*** DATA SHOWN Section Begins ***

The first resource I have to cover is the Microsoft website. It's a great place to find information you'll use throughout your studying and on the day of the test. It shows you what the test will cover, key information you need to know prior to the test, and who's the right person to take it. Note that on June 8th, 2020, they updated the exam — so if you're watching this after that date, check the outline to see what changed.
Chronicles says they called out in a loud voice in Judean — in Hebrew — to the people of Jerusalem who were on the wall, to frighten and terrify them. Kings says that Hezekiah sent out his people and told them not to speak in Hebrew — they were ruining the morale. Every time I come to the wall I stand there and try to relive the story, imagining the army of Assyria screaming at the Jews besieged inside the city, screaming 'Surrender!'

*** DATA SHOWN Section Ends ***
*** DATA SHOWN Section Begins ***

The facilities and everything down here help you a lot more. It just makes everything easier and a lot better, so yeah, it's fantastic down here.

*** DATA SHOWN Section Ends ***

§ **ASSIGNED TASK**
From the records above, give again exactly the lines running from the line with "The first resource" to the line with "Chronicles says they", inclusive.

§ **ANSWER TO THIS PROBLEM**
The first resource I have to cover is the Microsoft website. It's a great place to find information you'll use throughout your studying and on the day of the test. It shows you what the test will cover, key information you need to know prior to the test, and who's the right person to take it. Note that on June 8th, 2020, they updated the exam — so if you're watching this after that date, check the outline to see what changed.
Chronicles says they called out in a loud voice in Judean — in Hebrew — to the people of Jerusalem who were on the wall, to frighten and terrify them. Kings says that Hezekiah sent out his people and told them not to speak in Hebrew — they were ruining the morale. Every time I come to the wall I stand there and try to relive the story, imagining the army of Assyria screaming at the Jews besieged inside the city, screaming 'Surrender!'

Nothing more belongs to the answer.